Why Everyone Should #DeletePython


Disclaimer: this article reflects my personal opinion only. Reader discretion is advised.

Figure: How Beemo changes batteries (Adventure Time). Cute but dangerous, just like working with Python 2 and Python 3 simultaneously.

OK. There I said it. Everybody should consider #DeletePython.

Recently, people have raised significant concerns regarding Facebook’s privacy protection practice on their user’s data, with the discussions on Twitter: #DeleteFacebook. This inspired me to say something about another spicy topic: #DeletePython.

Well, I have to admit that “everyone” might be a bit exaggerating. The accurate central message would be, everyone who wants to do some decent, sustainable, modern statistics, should consider R, but not Python, as the primary language.

I know this may offend some Python lovers, but I do have my reasons, explained below.

For almost ten years, I have been doing almost everything that involves programming without major bottlenecks in R. What I have done includes frequentist/Bayesian statistics, (statistical) machine learning, recommender systems, bioinformatics, cheminformatics, data visualization, creating RESTful API, and building web applications. That gives you an idea that there are few limits on what you can achieve with R.

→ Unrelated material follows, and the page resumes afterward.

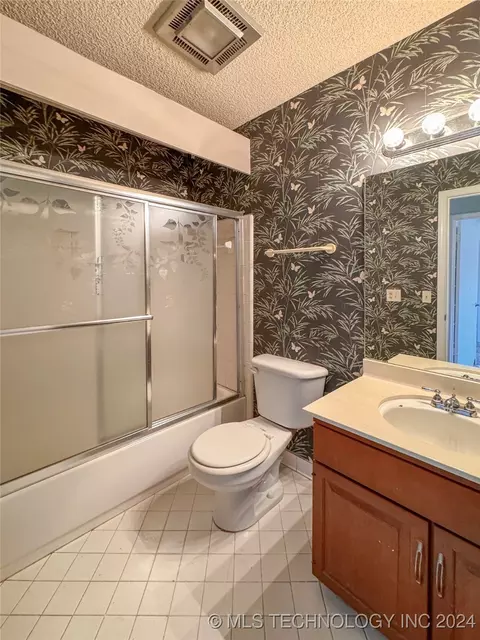 5724 E 33rd Ct, Tulsa, OK 74135 photo 4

As the challenger, I believe Python is a solid general purpose programming language that could also help people do these things well. Notably, for “data science” related tasks, many people from computer science backgrounds probably see Python as a nice, free replacement for the good old MATLAB (may it rest in peace) for doing machine learning. People came from pure software engineering backgrounds might also want to try some statistical modeling in such a language that they are already familiar.

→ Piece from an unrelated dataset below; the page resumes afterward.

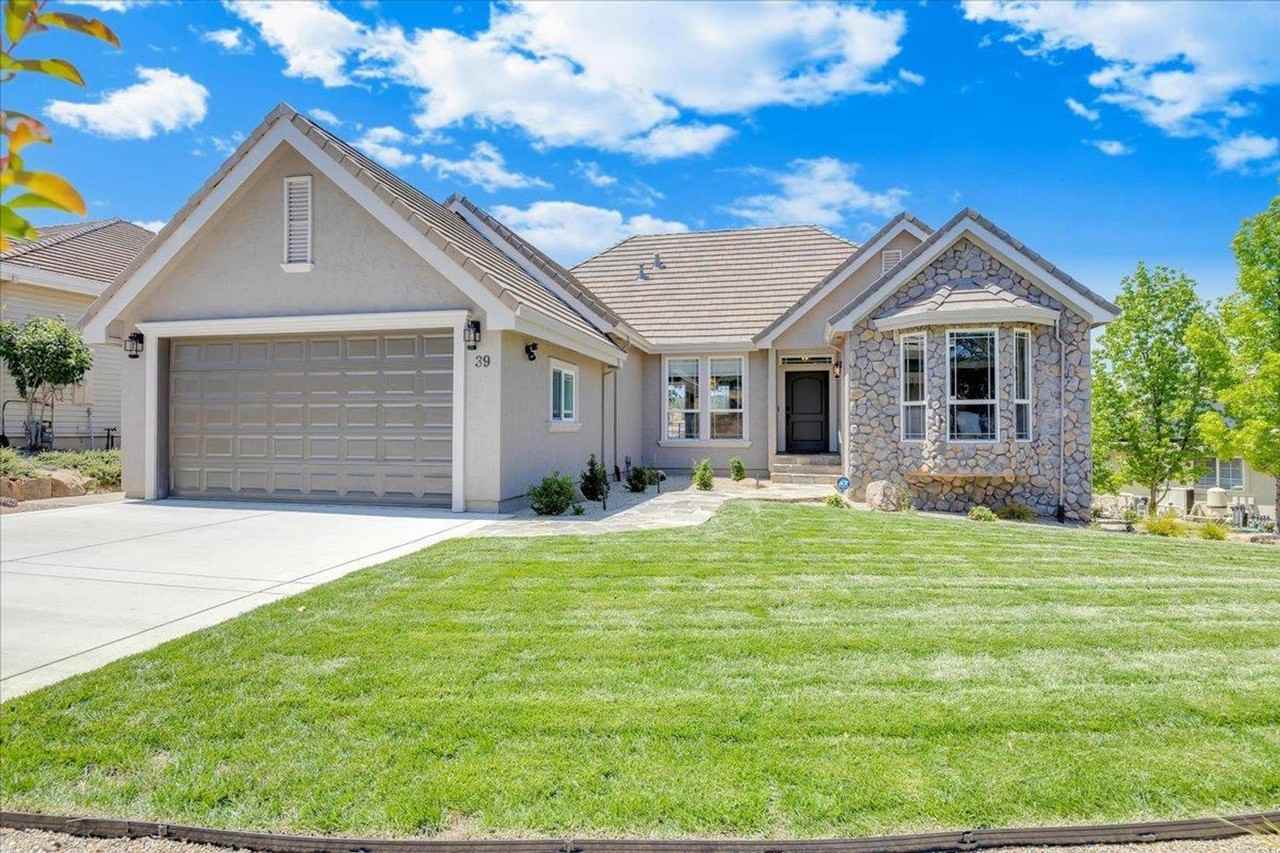 39 Waterfront Ct - Photo 2 of 50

However, all things being equal, I have to point out that Python also has seemingly trivial but obvious issues that indeed blocks me to make myself a contributor to its ecosystem, or even consider it as a serious language, at least for the “data science” purposes.

Every time I think about using specific code written in Python, instead of performance considerations, the first question popped into my head would be: which Python version should I use, 2 or 3? As is known to most people, Python has this ridiculous issue of two parallel versions/ecosystems with significant incompatibility for a relatively long time.

In some Linux distributions, python means Python 3, python2 means Python 2; while in other distributions, python means Python 2, you need python3 to call Python 3. Sometimes, it is even more complex, for example, if you use Homebrew Python, you will be essentially dealing with python, python2, and python3, along with pip, pip2, pip3.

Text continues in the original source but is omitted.